News Flash: At the British HIV Association Spring Meeting, there is exciting news that England has begun to roll out bi-monthly injectable antiretroviral therapy (ART), bringing new treatment options to people living with HIV!

Treatment Options: This innovative treatment regimen uses long-acting formulations of cabotegravir (Vocabria) and rilpivirine (Rekambys). In countries such as the United States, the two drugs are marketed jointly under the brand name Cabenuva.

Treatment Efficacy: Currently, hundreds of patients have received this injection, and the overall treatment is effective and favored by patients. However, there have also been a few cases of treatment failure due to drug resistance, which has attracted the attention of the medical community.

Treatment challenges: Although a failure rate of 1% is already a good result for oral therapy, the failure of injectable ART is worrying. Researchers are trying to find out why treatment failures persist despite perfect adherence, and how to avoid patients becoming resistant to medications.

⚕️ Patient selection: Physicians found that the main reason patients chose injectable treatment was the daily inconvenience of oral pills (74%), followed by social stigma (25%) and fear of disclosure (21%) of HIV treatment.
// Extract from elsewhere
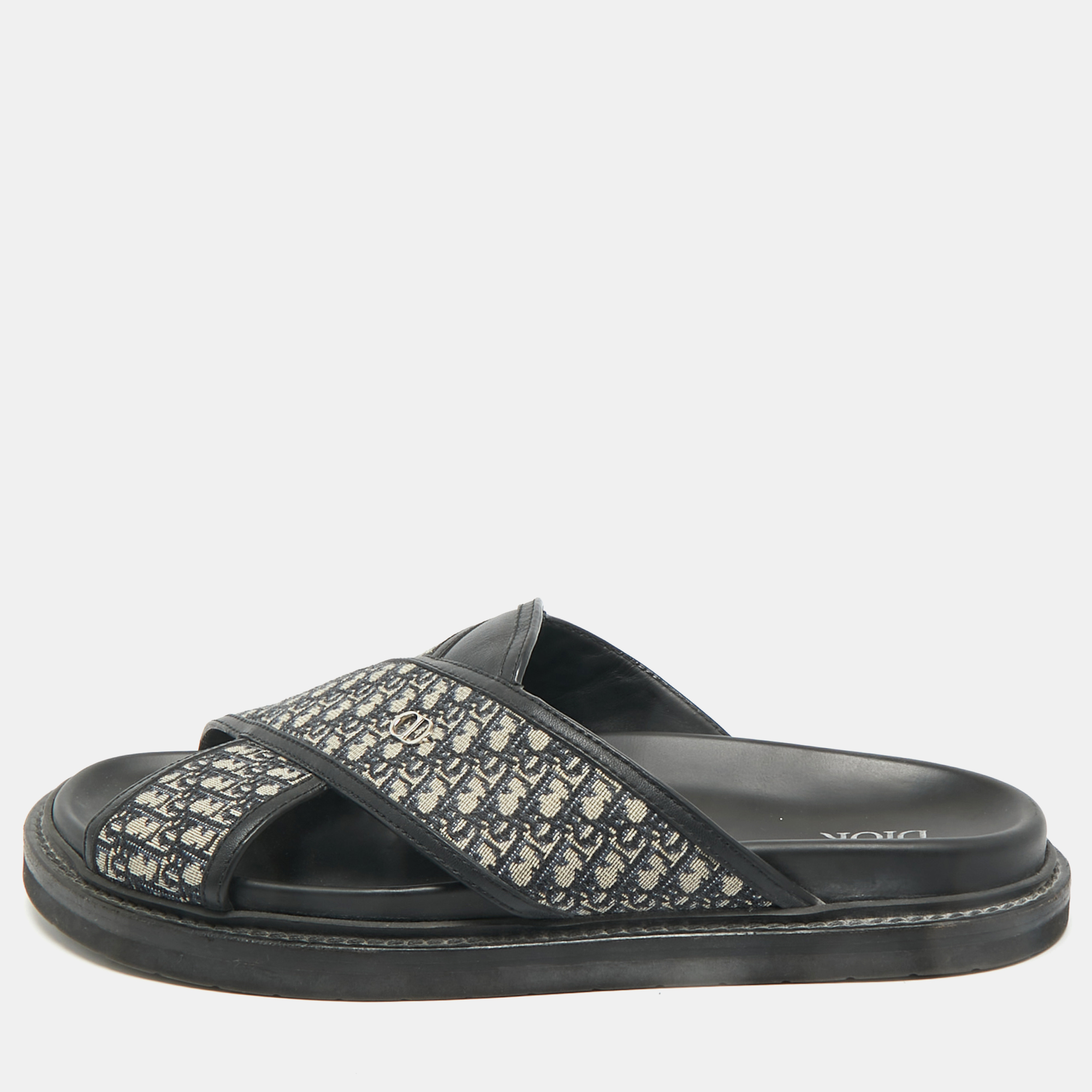 

Dior Blue Canvas and Leather Alias Slide Sandals Size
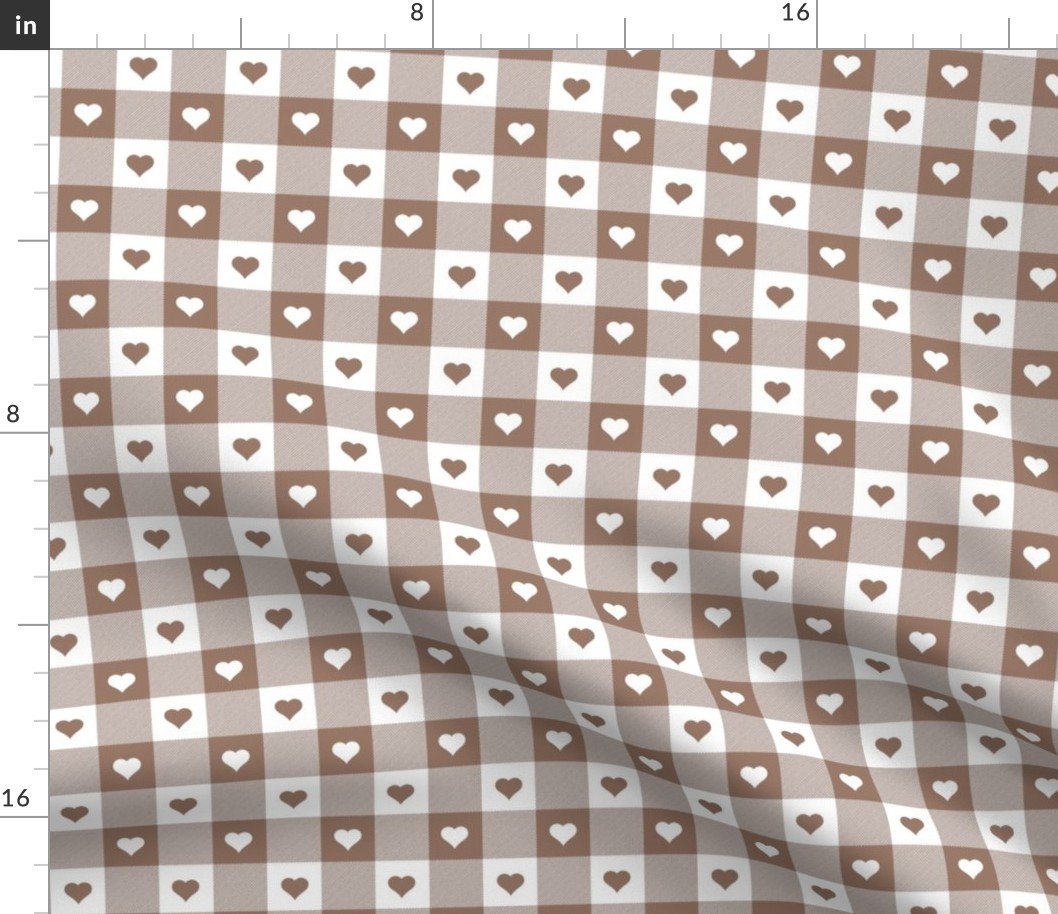 Mocha and White Gingham Valentines Check with Center Heart Medallions in Mushroom and White Fabric Mocha and White Gingham Valentines Check with Center Heart Medallions in Mushroom and White Fabric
Statistics: Of the 12 UK clinics involved in the study, 518 people have been approved to receive injectable ART, of which 433 have received at least one injection. The average age of participants was 46 years, with 30% of participants being women.

Treatment failure cases: In the SHARE LAI-net cohort, three cases of viral failure were recorded. These cases are not entirely unexpected, and all occur after the viral load exceeds 50.

Future outlook: Despite the challenges, injectable ART offers new possibilities for HIV treatment. The medical community will continue to monitor and research to improve treatment outcomes and reduce the risk of failure.

England has begun rolling out bi-monthly injectable HIV therapy

England has started rolling out bi-monthly injectable antiretroviral therapy (ART), bringing new treatment options to people living with HIV!

In the UK, a new type of injectable HIV antiretroviral therapy (ART) has begun to be made available to patients, and hundreds of patients are currently receiving this bi-monthly injection. At the recent spring meeting of the British HIV Association in Birmingham, attendees heard for the first time some preliminary data on the roll-out of the injectable therapy in England. Overall, this injectable therapy is not only effective but also popular with patients, although a small number of patients have opted out of treatment. However, a total of two cases of virological failure due to drug resistance have been reported. This is echoed by the performance of ART injections in scientific trials, where 24 of the 2,313 patients who participated in the study experienced virologic failure.

However, two cases of virological failure and drug resistance have been reported to date. This echoes the pattern observed in the scientific trials of ART injections, with 24 cases of virologic failure among 2313 study participants.

A failure rate of 1% would be seen as an excellent outcome in oral treatment drugs, but is now a cause for concern, as researchers do not yet understand how this can happen with apparently perfect adherence, and three-quarters of participants who experienced drug failure developed resistance to one or both of the types of drugs used, which may limit future treatment options.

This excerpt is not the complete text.